To monitor job costs, project managers get a complete, workable budget at the job's commencement; biweekly reports tracking costs in 25 categories; and considerable freedom in choosing and negotiating with suppliers and trade contractors. But they cannot cut corners. “They get a list of specifications and a set of plans for each job,” Lane says, “and they are to build that job based on those plans and specs.”
Profitability rose almost immediately. In 2004, job overruns had exceeded $130,000 for the company. By October 2005, the first full year of the plan's execution, that deficit had been replaced with a $13,000 surplus, even after paying thousands more in bonuses. One of Lane's six project managers in particular was thriving — under budget $27,000 for the year, over his target gross profit by 10.5%, and on track to finish 11 jobs, 3 more than in 2004. “He's picking up a bonus on each job,” Lane says, “where last year you had to beat him with a stick.”
Quality has improved as well. “Project managers are actually doing a better job because they know it's going to affect their bottom line if they have to go back and redo something. You might say we're controlling the jobs more at the grass-roots level,” Lane says, rather than mandating results from the proverbial corner office.
The Next Level of Benefits Though rare in the industry as a whole, bonus plans for production staff are a logical fit for upscale remodelers who have sophisticated systems in place, according to Joe Zanola, a management and compensation consultant. “You're ready for the next level of benefits, and you want incentives to help the company work well together. An effective bonus plan creates a necessary and healthy dynamic between production, sales, and estimating,” he says, by encouraging field staff to study proposed budgets to make sure that the project can be built on that schedule and on that budget. “You want them to think ahead and raise objections if it's not right,” Zanola says.

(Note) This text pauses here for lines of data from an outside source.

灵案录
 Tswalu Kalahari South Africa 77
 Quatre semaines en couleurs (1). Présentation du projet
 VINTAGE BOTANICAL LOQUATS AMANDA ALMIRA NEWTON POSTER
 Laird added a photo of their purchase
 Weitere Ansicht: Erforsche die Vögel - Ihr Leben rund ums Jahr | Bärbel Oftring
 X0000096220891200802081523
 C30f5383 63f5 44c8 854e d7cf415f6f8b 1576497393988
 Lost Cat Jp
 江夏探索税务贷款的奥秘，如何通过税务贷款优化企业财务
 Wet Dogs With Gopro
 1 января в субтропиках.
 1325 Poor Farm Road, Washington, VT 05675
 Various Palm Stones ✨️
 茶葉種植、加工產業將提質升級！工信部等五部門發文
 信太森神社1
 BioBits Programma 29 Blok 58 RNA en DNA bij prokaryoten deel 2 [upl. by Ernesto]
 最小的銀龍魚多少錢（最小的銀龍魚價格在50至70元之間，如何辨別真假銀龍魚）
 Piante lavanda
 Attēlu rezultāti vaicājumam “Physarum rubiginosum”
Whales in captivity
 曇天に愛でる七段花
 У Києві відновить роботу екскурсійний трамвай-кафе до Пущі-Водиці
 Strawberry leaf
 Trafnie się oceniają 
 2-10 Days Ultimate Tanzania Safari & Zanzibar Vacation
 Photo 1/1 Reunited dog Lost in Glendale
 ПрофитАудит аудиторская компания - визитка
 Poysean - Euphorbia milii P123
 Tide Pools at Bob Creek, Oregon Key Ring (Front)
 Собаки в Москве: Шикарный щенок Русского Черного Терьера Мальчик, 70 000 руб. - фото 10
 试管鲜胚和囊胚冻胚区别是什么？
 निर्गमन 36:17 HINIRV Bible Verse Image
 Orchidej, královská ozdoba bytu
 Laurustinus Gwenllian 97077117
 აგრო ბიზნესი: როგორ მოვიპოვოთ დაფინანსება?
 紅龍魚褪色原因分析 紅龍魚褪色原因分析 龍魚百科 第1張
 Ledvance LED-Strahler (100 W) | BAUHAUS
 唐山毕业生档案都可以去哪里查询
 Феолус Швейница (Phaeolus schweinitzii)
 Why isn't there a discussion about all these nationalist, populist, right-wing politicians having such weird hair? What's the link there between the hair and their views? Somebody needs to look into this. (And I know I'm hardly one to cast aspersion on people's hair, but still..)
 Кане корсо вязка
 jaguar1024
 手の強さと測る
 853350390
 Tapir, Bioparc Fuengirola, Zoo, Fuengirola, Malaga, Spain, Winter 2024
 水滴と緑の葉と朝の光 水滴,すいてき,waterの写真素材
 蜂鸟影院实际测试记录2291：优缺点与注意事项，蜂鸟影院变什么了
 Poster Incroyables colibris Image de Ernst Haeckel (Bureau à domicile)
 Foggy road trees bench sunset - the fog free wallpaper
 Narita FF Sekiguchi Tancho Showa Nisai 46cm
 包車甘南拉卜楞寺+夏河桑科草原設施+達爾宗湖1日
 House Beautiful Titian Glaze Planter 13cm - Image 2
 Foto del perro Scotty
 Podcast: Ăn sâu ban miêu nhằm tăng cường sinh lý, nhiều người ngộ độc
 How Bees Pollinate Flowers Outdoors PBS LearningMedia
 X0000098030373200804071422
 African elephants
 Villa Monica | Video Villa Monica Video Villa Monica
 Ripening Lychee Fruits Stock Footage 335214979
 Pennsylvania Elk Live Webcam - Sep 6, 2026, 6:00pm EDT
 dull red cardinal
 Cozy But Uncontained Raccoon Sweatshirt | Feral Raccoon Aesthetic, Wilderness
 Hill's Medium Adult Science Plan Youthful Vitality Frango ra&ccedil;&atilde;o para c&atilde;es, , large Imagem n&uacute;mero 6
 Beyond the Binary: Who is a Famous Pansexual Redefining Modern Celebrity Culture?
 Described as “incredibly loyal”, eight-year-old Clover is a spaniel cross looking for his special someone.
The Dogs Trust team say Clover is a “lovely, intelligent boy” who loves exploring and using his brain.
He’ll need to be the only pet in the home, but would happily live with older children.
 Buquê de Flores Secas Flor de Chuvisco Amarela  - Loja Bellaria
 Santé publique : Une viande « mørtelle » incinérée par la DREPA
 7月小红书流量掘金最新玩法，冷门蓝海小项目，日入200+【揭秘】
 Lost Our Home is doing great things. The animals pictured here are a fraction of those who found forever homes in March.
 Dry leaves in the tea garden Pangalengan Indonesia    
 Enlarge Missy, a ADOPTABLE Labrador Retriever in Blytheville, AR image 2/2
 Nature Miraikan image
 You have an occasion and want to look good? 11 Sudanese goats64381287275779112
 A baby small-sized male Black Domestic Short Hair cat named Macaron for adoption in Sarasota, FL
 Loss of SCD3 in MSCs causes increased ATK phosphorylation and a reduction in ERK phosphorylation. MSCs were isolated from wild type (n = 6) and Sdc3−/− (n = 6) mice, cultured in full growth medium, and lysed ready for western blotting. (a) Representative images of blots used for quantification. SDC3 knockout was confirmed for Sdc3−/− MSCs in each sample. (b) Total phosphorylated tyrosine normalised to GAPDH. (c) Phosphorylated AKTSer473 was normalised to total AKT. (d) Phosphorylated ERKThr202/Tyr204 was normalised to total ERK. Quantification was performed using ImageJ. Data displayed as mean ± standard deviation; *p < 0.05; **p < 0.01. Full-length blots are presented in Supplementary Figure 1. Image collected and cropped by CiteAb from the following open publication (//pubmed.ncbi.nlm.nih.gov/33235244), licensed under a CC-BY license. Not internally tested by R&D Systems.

Indirect results can be equally powerful. Not only do well thought-out bonus plans reward excellence, but they create role models who lead by example, often inspiring others to achieve similar results.
And not necessarily because of the bonus money. David Bryan says that monetary recognition ranks four or lower on the list of what motivates and retains employees. Yet his $5.6 million design/build company, Blackdog, of Salem, N.H., is committed to a bonus plan that has “stabilized and solidified” gross profit, while reducing waste and debugging projects proactively.
A Custom Plan Blackdog's bonus system differs widely from Lane's, illustrating the degree to which remodelers can customize. “Everything is gross-profit-driven,” Bryan says. The basic goal is to hit a targeted gross profit of 42%. When that happens, the production team shares 4% of GP, with a sliding scale adjusting upward or downward, based on the actual GP produced.
The sliding scale mitigates other variables too. For instance, the bonus is typically divided 75/25 between the lead carpenter and the project manager. The reason, explains Bryan, “is that while the lead carpenter runs one job, the project manager typically runs four.” The two then give discretionary bonuses to carpenters and other field staff, with Bryan approving all amounts.
Subjective feedback can also impact bonuses. “We actually have a bonus grading sheet,” Bryan says. Using www.guildquality.com, clients rank the production team and the overall experience of working with the company. Blackdog's administrative staff, in turn, rates the team on matters such as promptness in submitting receipts and time cards. A 95% score would reduce a potential bonus of $1,000 to $950.